Both blocks of code independently will run. But the goal is that when a query is performed that warrants a retrieval to the existing document base, I can use the sentence_window_engine that was built. I suppose I could retrieve relevant information based on the query and then pass that information into a subsequent prompt for the chatbot, but I would like to try and avoid including the document data in a prompt.

Any suggestions?


Solution

  • I never found an exact way to retrieve the information via llama_index like I had hoped but I basically found a workaround by doing what I initially wanted to avoid by querying my document base and adding that as context information to my chatbot as such

    #### Conversation Prompt Chain #####
    prompt = ChatPromptTemplate.from_messages(
        [
            (
                "system",
                """You are the world's greatest...
                You have access to an extensive document base of information.
                Relevant Information to the user query is provided below.
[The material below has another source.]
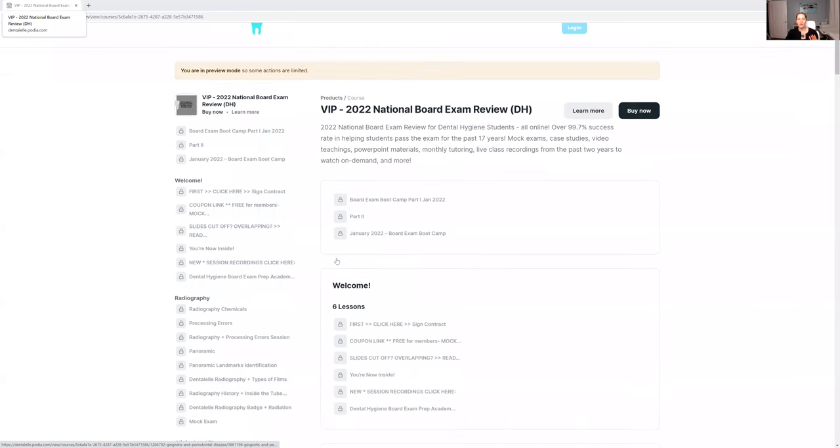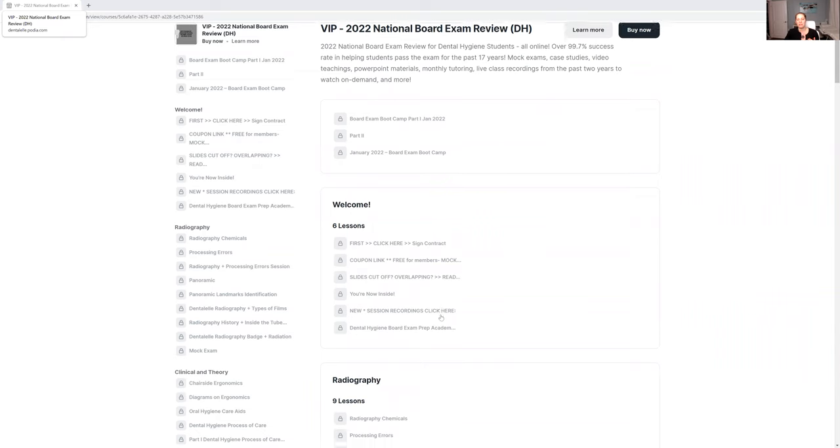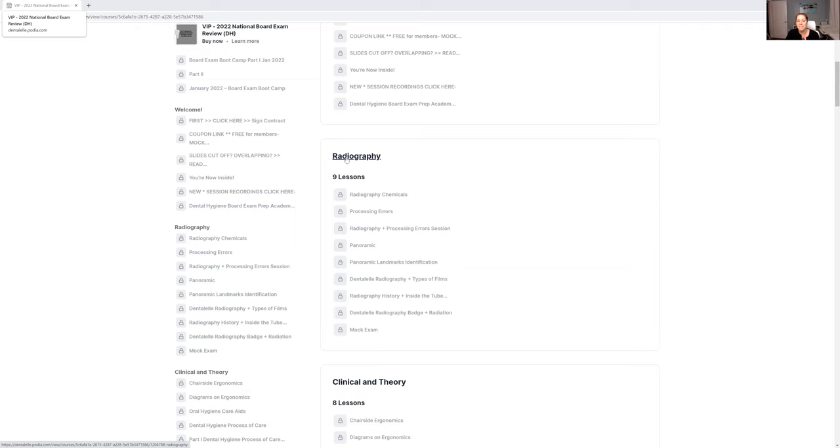I'm going to share my screen here to give you guys a sneak peek of what's inside. Your course will look different — more streamlined. This is just the admin part of the course. So anytime I upload something new, I upload it inside here. Yours looks better than this, more colorful.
Use the information at your own discretion if it improves the quality of the response.
                A summary of the previous conversation is also provided to contextualize you on previous conversation.
    
                <<Relevant Information>>
                {relevant_information}
    
    
                << Previous Conversation Summary>>
                {previous_conversation}
    
    
                << Current Prompt >>
                {user_input}
                """,
            ),
            MessagesPlaceholder(variable_name="messages"),
        ]
    )
    
    chat = ChatOpenAI(model=llm_model, temperature=0.0)
    
    
    
    chain = prompt | chat
    
    
    ### Application Start ###
    
    
    while True:
        # Some code....
        if route['destination'] == "data querying":
                    formatted_response = query_and_format_sql(username, password, host, port, mydatabase, query_prompt, model = 'gpt-4', client_name = client_name, user_input=user_input)
                    print(formatted_response)
                    chat_history.add_ai_message(AIMessage(f'The previous query triggered a SQL agent response that was {formatted_response}'))
            else:
                # Search Document Base
                RAG_Context = sentence_window_engine_1.query(user_input)
        
                # Inject the retrieved information into the chatbot's context
                context_with_relevant_info = {
                    "user_input": user_input,
                    "messages": chat_history.messages,
                    "previous_conversation": memory.load_memory_variables({}),
                    "relevant_information": RAG_Context # ==> Inject relevant information from llama_index here
                }
                
                response = chain.invoke(context_with_relevant_info)
    
    

    I haven't ran into a token issue yet but I can imagine if my application grows and scales it may run into problem trying to inject relevant information, the message history, and the prompt. I limit my memory with a ConversationBufferMemoryHistory and that seems to work ok for now.